TASK ITEM
An exact copy of the listing is required, with its pictures removed.

+++ EXERCISE DATA +++

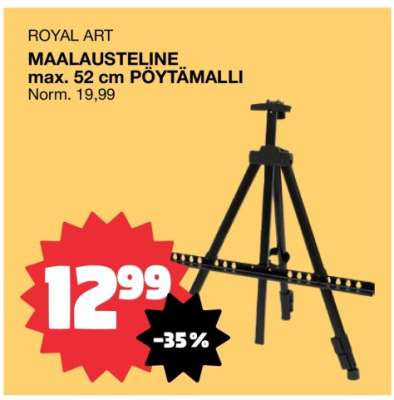 ROYAL ART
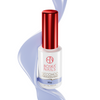 BOSKA NAILS Lakier hybrydowy May 464 - 6ml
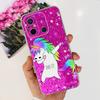 For Xiaomi Redmi 12C Case 2022 Cute Cat Butterfly Soft Silicone Slim Phone Case For Xiaomi Redmi 12C 12 C Redmi12C Fundas Bumper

+++

RESULT OF THE TASK
 ROYAL ART
 BOSKA NAILS Lakier hybrydowy May 464 - 6ml
 For Xiaomi Redmi 12C Case 2022 Cute Cat Butterfly Soft Silicone Slim Phone Case For Xiaomi Redmi 12C 12 C Redmi12C Fundas Bumper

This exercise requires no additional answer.